[[ DATA PROVIDED, beginning ]]

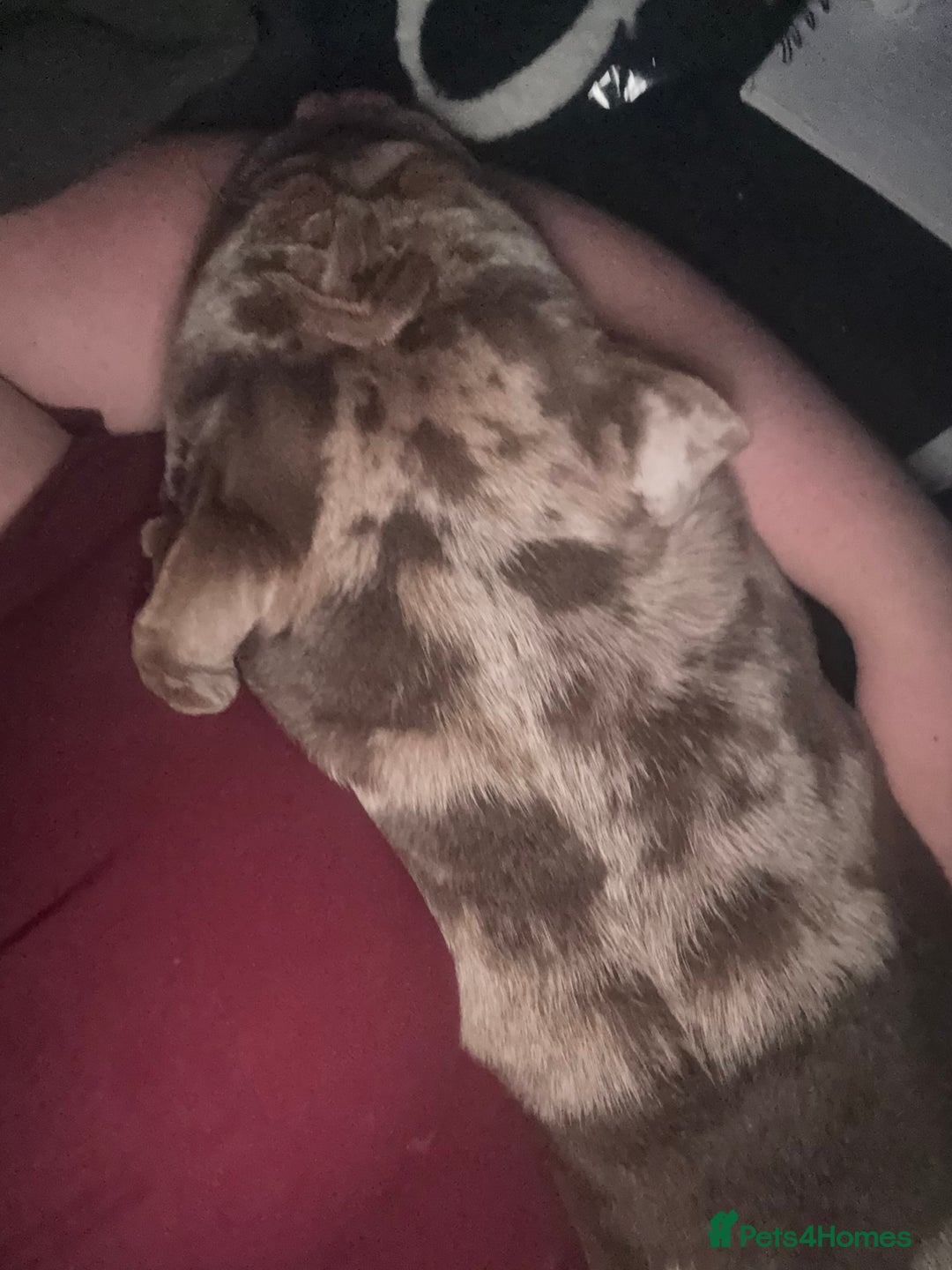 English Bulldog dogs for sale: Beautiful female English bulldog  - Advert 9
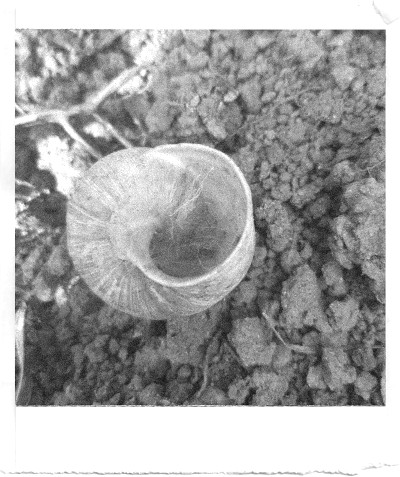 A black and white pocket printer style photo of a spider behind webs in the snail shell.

[[ DATA PROVIDED, end ]]
[[ DATA PROVIDED, beginning ]]

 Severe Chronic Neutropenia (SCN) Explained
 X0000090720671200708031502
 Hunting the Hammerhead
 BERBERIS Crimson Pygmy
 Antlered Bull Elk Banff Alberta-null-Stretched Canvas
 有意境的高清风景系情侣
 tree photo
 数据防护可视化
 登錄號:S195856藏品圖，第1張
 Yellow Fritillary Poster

[[ DATA PROVIDED, end ]]

- [WORK INSTRUCTIONS] Within the data above, repeat exactly the lines from the one bearing "English Bulldog dogs" through the one bearing "A black and". Include no pictures and nothing else.

- [SOLUTION TO THE EXERCISE]
 English Bulldog dogs for sale: Beautiful female English bulldog  - Advert 9
 A black and white pocket printer style photo of a spider behind webs in the snail shell.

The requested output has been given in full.